What you will do. Please return every record exactly as written, leaving out the pictures.

Dataset records.

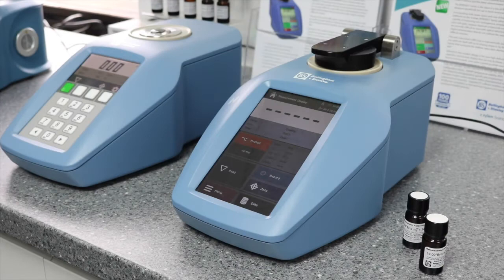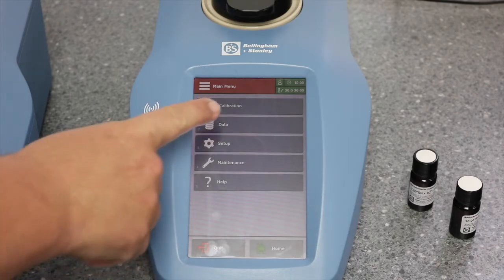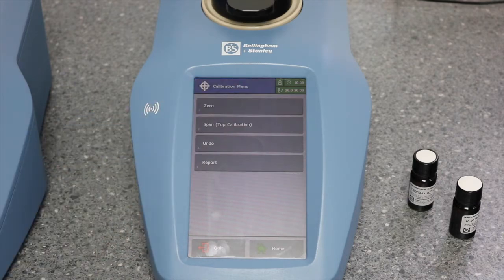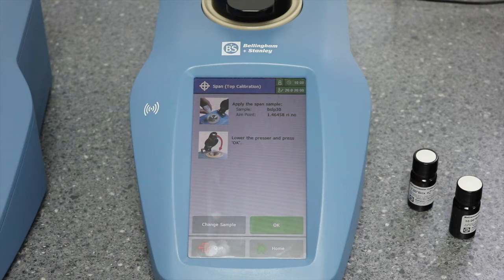How to calibrate span, what is known as top calibration, on the RFM300T refractometer. Press the menu button, press calibration, press span and follow the on-screen instructions.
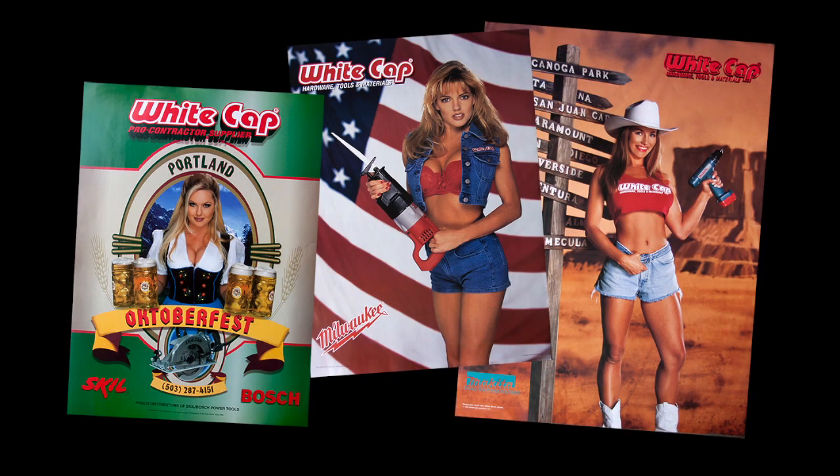It starts out with a client meeting. The company is called Whitecap — a wholesale construction company — and they asked me to do another poster for them. This time it involved gardening, irrigation, and all that, so they wanted a watery theme. They came up with an idea and picked the model.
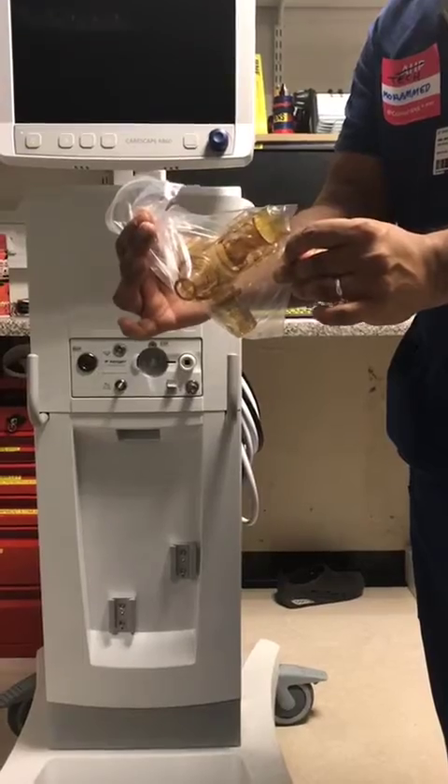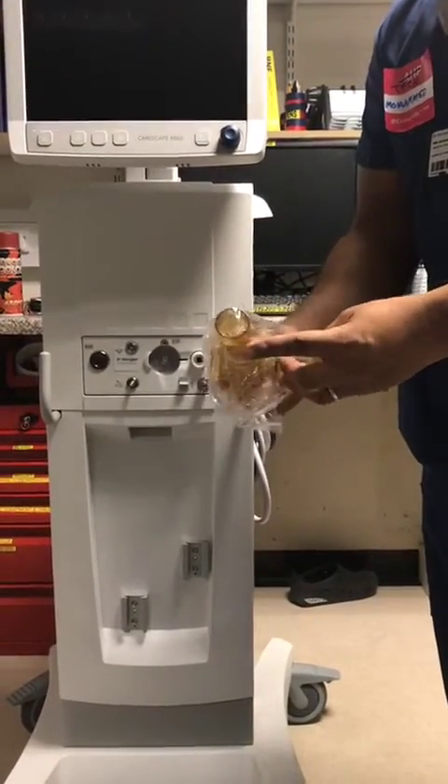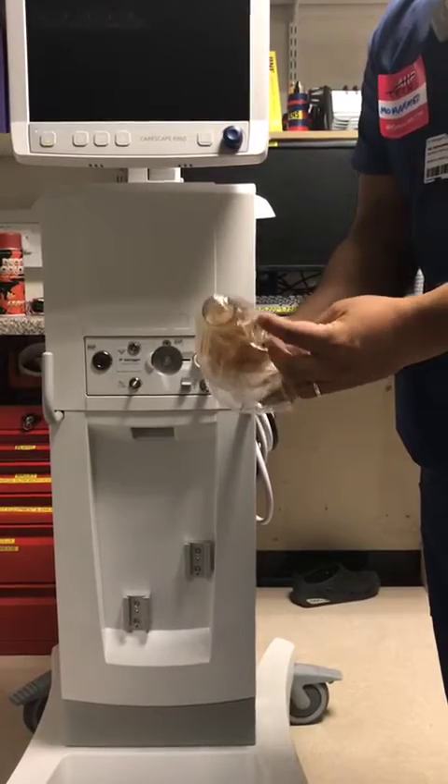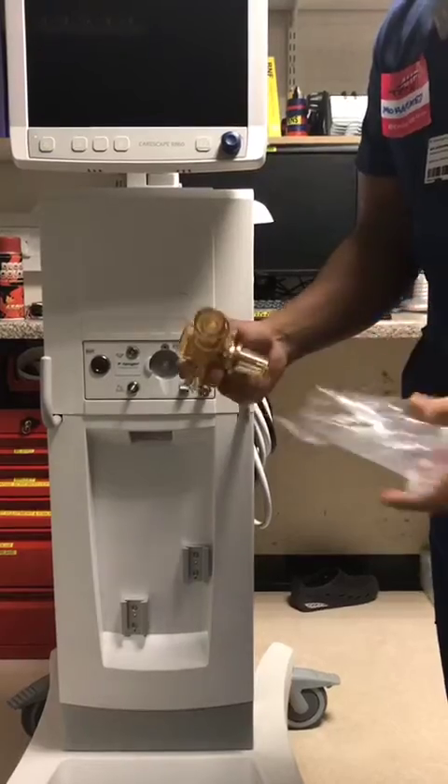You'll get a new valve in a packet like so. You open it up. This will be provided by the technician, who will leave it in a certain area in whichever ITU you work in. You take it out.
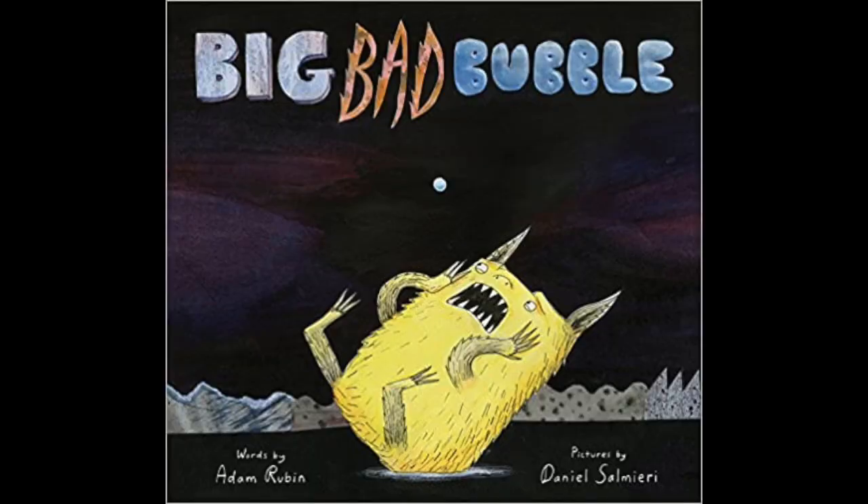A perfect book to pair with this experiment is called 'The Big Bad Bubble' — a really funny book about how monsters are supposedly scared of bubbles, so it goes perfectly with our bubble theme. I hope you can use this experiment during the summer months outside, maybe even show your friends this new way of making bubbles. I know I enjoyed it — we'll see you next week!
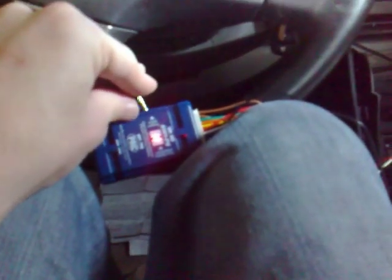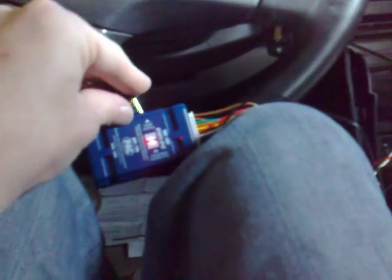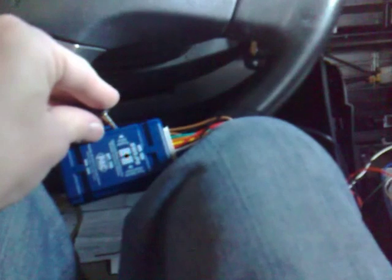Number two is volume down. Number three is mute — I'm going to put that as my power button. Next is track up, seek up. Then seek down. Next is source. I'm going to try and use the voice, so I'm going to skip that by pushing the program button once. And then preset up — skipping that. Set, preset down — skipping that.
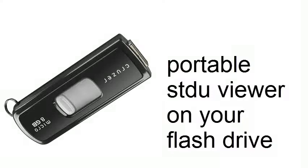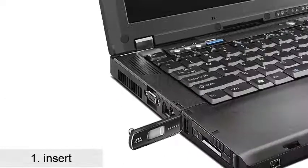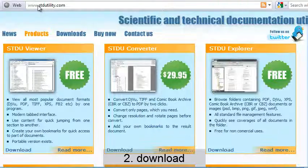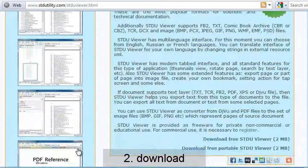One of the most easy ebook readers doesn't require installation to a hard drive. Insert your USB flash drive and download the portable version of STDU Viewer on stdutility.com site.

Answer box.
How to calibrate span, what is known as top calibration, on the RFM300T refractometer. Press the menu button, press calibration, press span and follow the on-screen instructions.
It starts out with a client meeting. The company is called Whitecap — a wholesale construction company — and they asked me to do another poster for them. This time it involved gardening, irrigation, and all that, so they wanted a watery theme. They came up with an idea and picked the model.
You'll get a new valve in a packet like so. You open it up. This will be provided by the technician, who will leave it in a certain area in whichever ITU you work in. You take it out.
A perfect book to pair with this experiment is called 'The Big Bad Bubble' — a really funny book about how monsters are supposedly scared of bubbles, so it goes perfectly with our bubble theme. I hope you can use this experiment during the summer months outside, maybe even show your friends this new way of making bubbles. I know I enjoyed it — we'll see you next week!
Number two is volume down. Number three is mute — I'm going to put that as my power button. Next is track up, seek up. Then seek down. Next is source. I'm going to try and use the voice, so I'm going to skip that by pushing the program button once. And then preset up — skipping that. Set, preset down — skipping that.
One of the most easy ebook readers doesn't require installation to a hard drive. Insert your USB flash drive and download the portable version of STDU Viewer on stdutility.com site.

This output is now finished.